永遠という言葉ほど無意味なものは無いと、思っていた。





 おそらく私はその時、何も見えてはいなかったのだろう。勿論、眼はどちらも正常に機能している、機能はしているけれど、それを使いこなせていなかったのだ。もしくは、眼に映る現実という悲喜劇から逃れたかったのかもしれない。とにかく、私はその時何も見えていなかったのだ。一切を拒絶していた。全てに絶望していた。いや違う、それは絶望ではなくこの世への諦観だ。絶望などというどろどろとした感情ではなく、そんな醜いものすら残してはくれない、全てを無に帰す諦めだったのだ。今までこの身体や精神に残してきた歓喜や悲哀や愉悦や嚇怒を、私が所有していた全てのものを、断片すら残さずに無へと変換させてしまう、絶望よりも尚深い諦めだったのだ。

 永久を願っていた訳ではない、永遠を祈っていた訳でもない、久遠を望んでいた訳でもない。ただ、一生という長い年月の間のほんの僅かでよかった。その間に、一瞬でもいい刹那でもいい、それよりも短い時間でも構わなかった、少しでもその瞳に私という存在を映して意識してくれればそれでよかった。好きになってくれと愛してくれと、そんな大それたことは思っていなかった。例えその意識の理由が憎悪でも構わなかったし破壊でも構わなかったし、それこそ絶望でも構わなかった。

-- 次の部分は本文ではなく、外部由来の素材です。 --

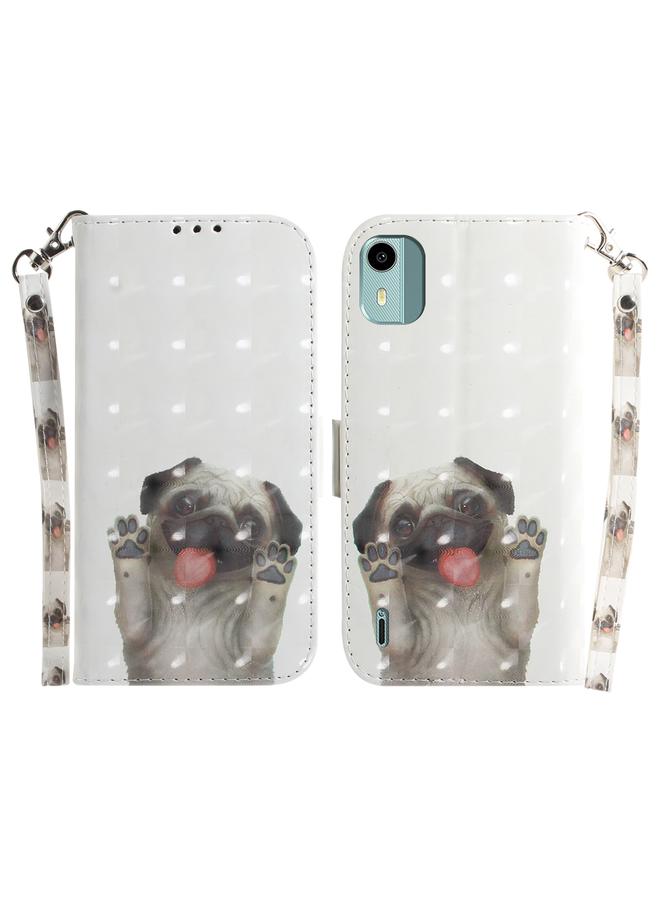 S-TOP Case For Nokia C12 3D Colored Horizontal Flip Leather Phone Case - Image 1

 おそらく私はその時、何も見えてはいなかったのだろう。あなたへの愛以外には。



「――――ど、うし、て?」

 だから気付かなかったのだ。



 どくんどくんどくん、と普段の倍以上の速さで身体中に血液を送り出す音がする。それは酷く速くてそして酷く大きくて、何より鎮魂歌のように、聞こえた。葬列の時に思い出すあの綺麗で涼やかで憂いを帯びる旋律とは全く真逆の、とても美しいとは言えないそんな脈音だったというのに、私はそんなことを思った。あくまでも静かに紡がれるそれとは似ても似つかない、轟音のように体内を巡り廻り暴れる音は、出口が無いからひたすらそこを繰り返し反響して余計勢いを増してゆくだけだ。浄化できない、消化できない、昇華できない。いっそこの音を体外に出せたのならば、いくらかこの感情は落ち着いただろうか。引き結ぶしかできないこの口を、瞠目しかできないこの瞳を、握り締めるしかできないこの拳を、別へと向けることができただろうか。言葉を紡ぐ唇へと、微笑を零す双眸へと、抱きしめる腕へと、変えることができただろうか。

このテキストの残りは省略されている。